Comment 34 david manyé 2009-08-03 01:54:44 UTC
Created attachment 28286 [details]
output log for intel_reg_dumper in console mode
Comment 35 david manyé 2009-08-03 01:55:17 UTC
Created attachment 28287 [details]
output log for intel_reg_dumper in graphic mode
Comment 36 Wang Zhenyu 2009-08-06 00:43:55 UTC
Please test my three patches on bug #23082, which aims to fix 845G problem in KMS with UXA.
Comment 37 Wang Zhenyu 2009-09-28 00:42:23 UTC
This should be fixed by Eric's
commit e517a5e97080bbe52857bd0d7df9b66602d53c4d
Author: Eric Anholt <eric@anholt.net>
Date:   Thu Sep 10 17:48:48 2009 -0700

    agp/intel: Fix the pre-9xx chipset flush.

    Ever since we enabled GEM, the pre-9xx chipsets (particularly 865) have had
    serious stability issues.  Back in May a wbinvd was added to the DRM to
    work around much of the problem.  Some failure remained -- easily visible
    by dragging a window around on an X -retro desktop, or by looking at
bugzilla.

    The chipset flush was on the right track -- hitting the right amount of
    memory, and it appears to be the only way to flush on these chipsets, but
the
    flush page was mapped uncached.  As a result, the writes trying to clear
the
    writeback cache ended up bypassing the cache, and not flushing anything! 
The
    wbinvd would flush out other writeback data and often cause the data we
wanted
    to get flushed, but not always.  By removing the setting of the page to UC
    and instead just clflushing the data we write to try to flush it, we get
the
    desired behavior with no wbinvd.

    This exports clflush_cache_range(), which was laying around and happened to
    basically match the code I was otherwise going to copy from the DRM.
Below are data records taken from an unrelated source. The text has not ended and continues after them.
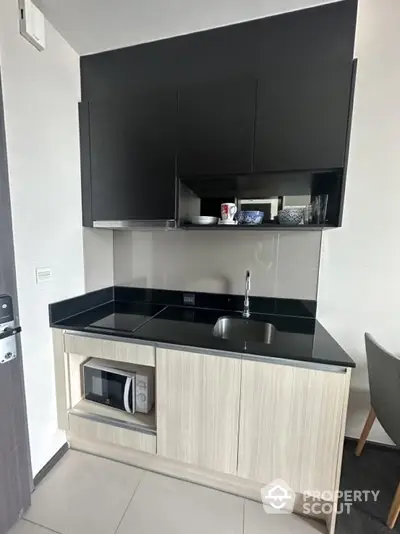 Modern compact kitchen with sleek black cabinets and built-in microwave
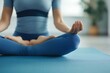 © Naruemon - Woman meditating on a yoga mat, serene indoor space, focus on mental fitness and goal-setting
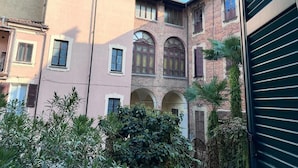 A courtyard with buildings, arched windows, and a palm tree. - Luma Novara (Novara)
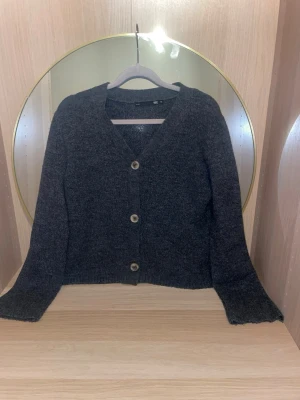 Mörkgrå kofta från 157 i storlek xs - Mysig mörkgrå kofta från 157 med tre knappar framtill och v-ringad hals i storlek xs. Koftan har långa ärmar och är tillverkad i ett mjukt, stickat material som passar perfekt för lager på lager. Enkel och stilren design som funkar till det mesta.skriv för fler bilder,pris kan diskuteras!💗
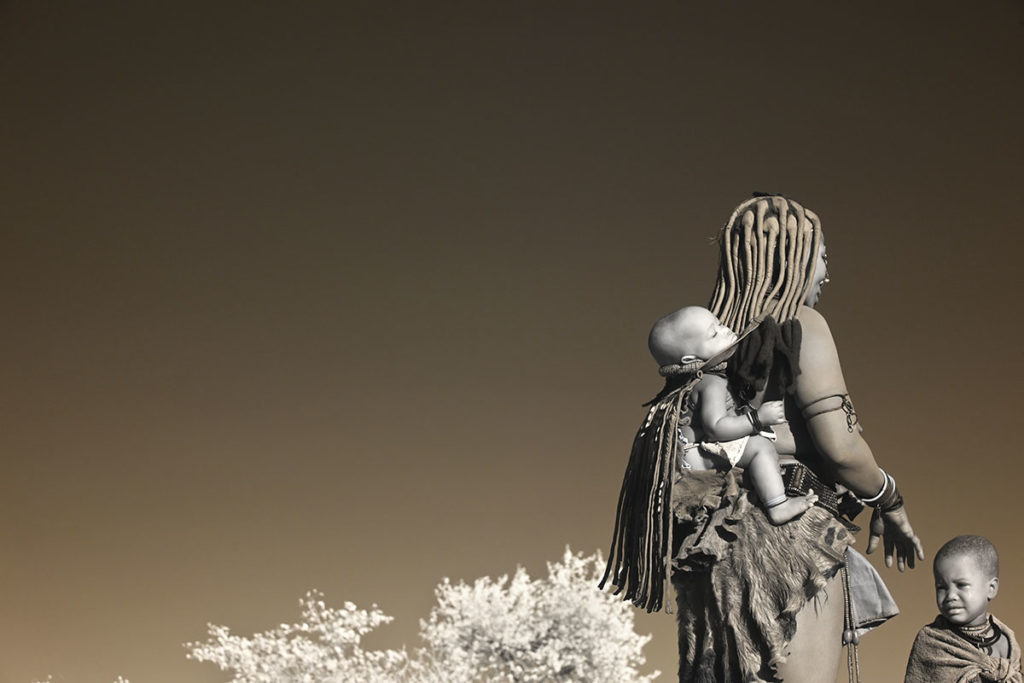 Himba women and child in Southern Angola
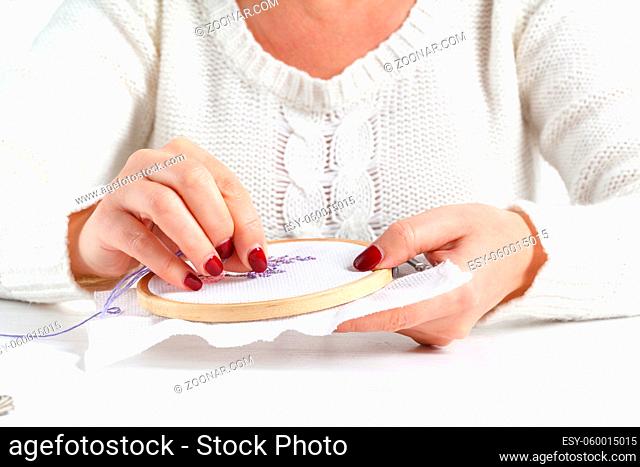 woman embroidering cross lavender
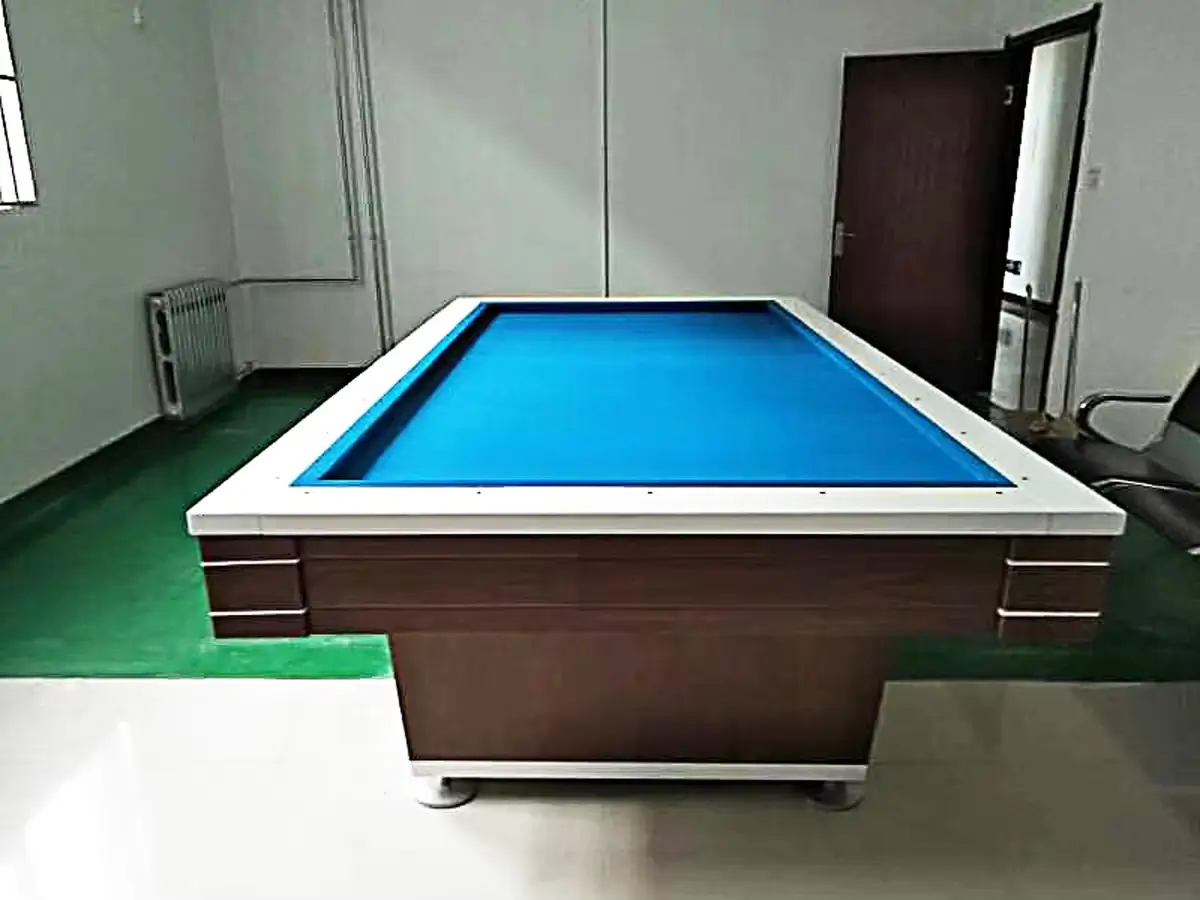 Korean Carom Table Slate 5 Finished pocketless carom table with blue cloth in a Korean billiard hall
    Signed-off-by: Eric Anholt <eric@anholt.net>
    Signed-off-by: Brice Goglin <Brice.Goglin@ens-lyon.org>
    Cc: stable@kernel.org

Please test with upstream kernel with KMS.
Comment 38 Wang Zhenyu 2009-10-19 23:47:13 UTC
Could you verify with new linus kernel? othewise this is just time out warning, and I'll mark it as fixed...
Comment 39 david manyé 2009-11-02 02:17:30 UTC
(In reply to comment #38)
> Could you verify with new linus kernel? othewise this is just time out warning,
> and I'll mark it as fixed...
> 

until today i've had not time to do any test. as i foretold you, the computers are already substituted and the few that were left cannot be used to test anything. so leave this bug rest in peace.
Comment 40 Wang Zhenyu 2009-11-05 22:16:12 UTC
ok, mark this as fixed by Eric's patch in kernel. Feel free to reopen if you would have chance to retest and issue was still there.